Coherence Score:  0.3731624974915805


In [26]:
# Finding the optimum parameter values
def compute_coherence_values(corpus, dictionary, a, b):
    
    lda_model = gensim.models.LdaMulticore(corpus=corpus, id2word=id2word, num_topics=k, random_state=100, chunksize=100, passes=10, alpha=a, eta=b, per_word_topics=True)
    coherence_model_lda = CoherenceModel(model=lda_model, texts=data_lemmatized, dictionary=id2word, coherence='c_v')
    
    return coherence_model_lda.get_coherence()

compute_coherence_values(corpus,id2word,0.1,0.1)

0.3731624974915805

#### This describe the LDA model implementation after pre-processing. Commenting in progress...

In [27]:
# Topics range
import numpy as np
min_topics = 2
max_topics = 11
step_size = 1
topics_range = range(min_topics, max_topics, step_size)

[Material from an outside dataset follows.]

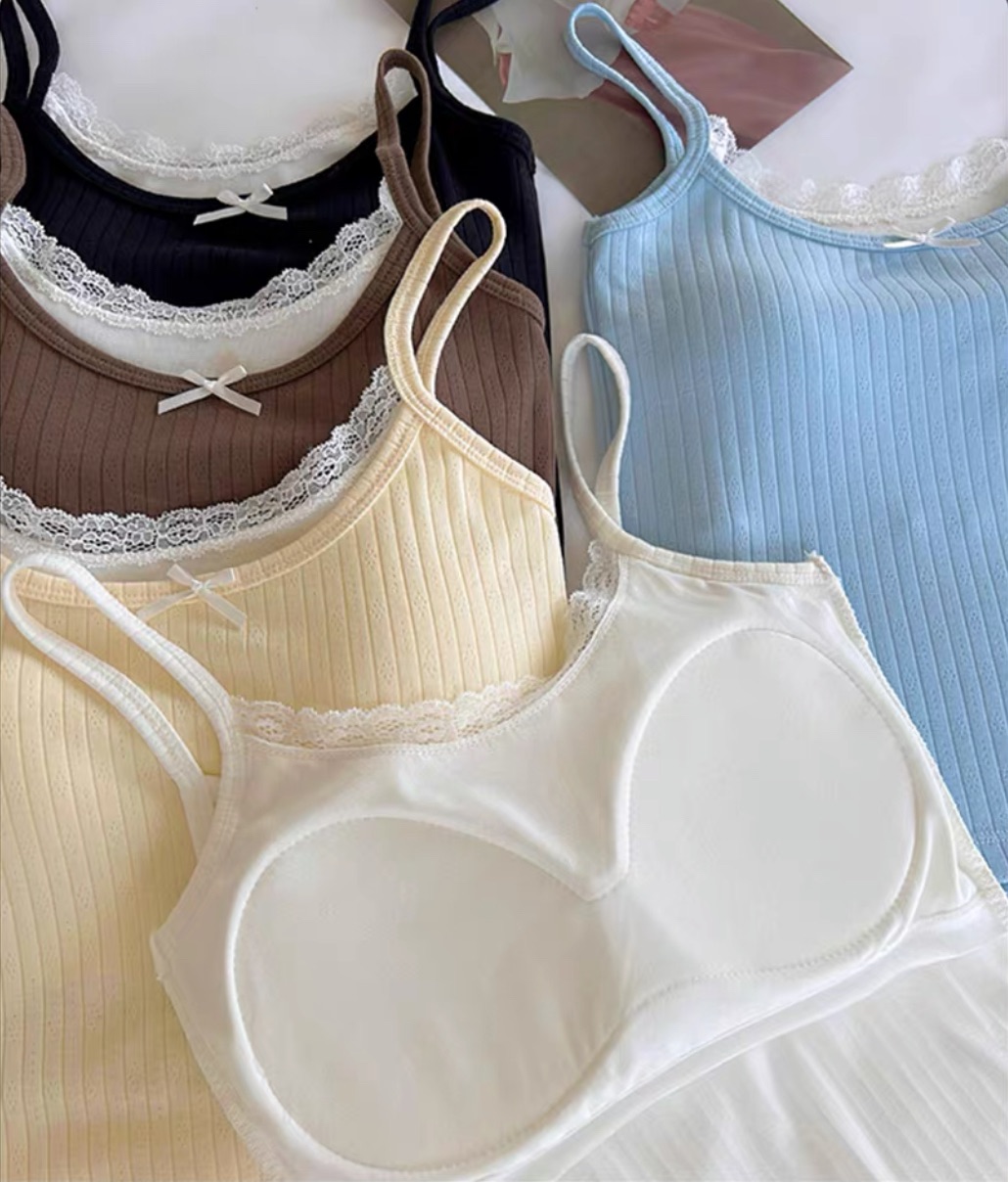F01-甜美up up!蝴蝶結蕾絲花邊bra top（帶胸墊）*5Colors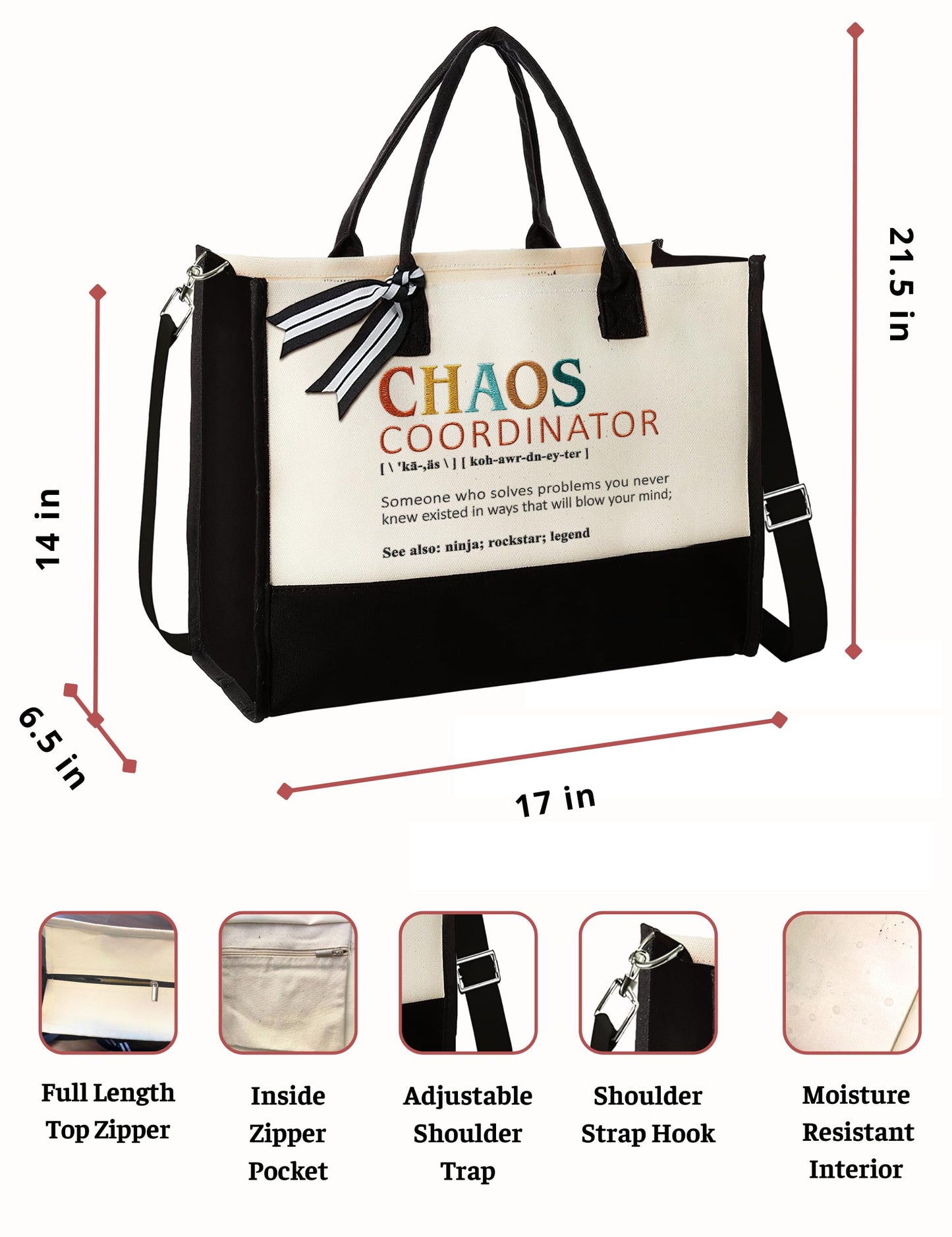 Embroidery Thank You Gifts for Women, Boss, Coworker, Manager, Office, Teacher, Nurse - Chaos Coordinator Gifts, Boss Lady Gifts - Boss Day Gifts, Boss Day Gifts for Women, Birthday Gifts - Tote Bag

alpha = list(np.arange(0.01, 1, 0.3))

print(len(topics_range))
print(topics_range)
print(len(alpha))
print(alpha)

9
range(2, 11)
4
[0.01, 0.31, 0.61, 0.9099999999999999]


In [28]:
num_of_docs = len(corpus)
corpus_sets = [#gensim.utils.ClippedCorpus(corpus, num_of_docs*0.25), 
               #gensim.utils.ClippedCorpus(corpus, num_of_docs*0.5), 
               gensim.utils.ClippedCorpus(corpus, num_of_docs*0.75), 
               corpus]
corpus_title = ['75% Corpus', '100% Corpus']

#print(len(corpus_sets))
corpus_title[1]
#print(num_of_docs)
300*0.75
#compute_coherence_values(corpus_sets[1],id2word,1,0.1,0.1)
#working = gensim.models.LdaMulticore(corpus=corpus_sets[1], id2word=id2word, num_topics=10, random_state=100, chunksize=100, passes=10, alpha=0.1, eta=0.1, per_word_topics=True)
#check = gensim.models.LdaMulticore(corpus=corpus_sets[0], id2word=id2word, num_topics=10, random_state=100, chunksize=100, passes=10, alpha=0.1, eta=0.1, per_word_topics=True)
#corpus_sets[0]
#print(len(corpus_sets[0]))

225.0

In [29]:
import numpy as np
import tqdm

# Topics range - to be removed (Why do we include this? LDA Model doesn't need to specify the number of topics)
min_topics = 2
max_topics = 11
step_size = 1
topics_range = range(min_topics, max_topics, step_size)

# Alpha parameter
alpha = list(np.arange(0.01, 1, 0.3))

# Beta parameter
beta = list(np.arange(0.01, 1, 0.3))

#Validation Sets
num_of_docs = len(corpus)
corpus_sets = [#gensim.utils.ClippedCorpus(corpus, 75), 
               #gensim.utils.ClippedCorpus(corpus, 150), 
               gensim.utils.ClippedCorpus(corpus, 225), 
               corpus]
corpus_title = ['75% Corpus', '100% Corpus']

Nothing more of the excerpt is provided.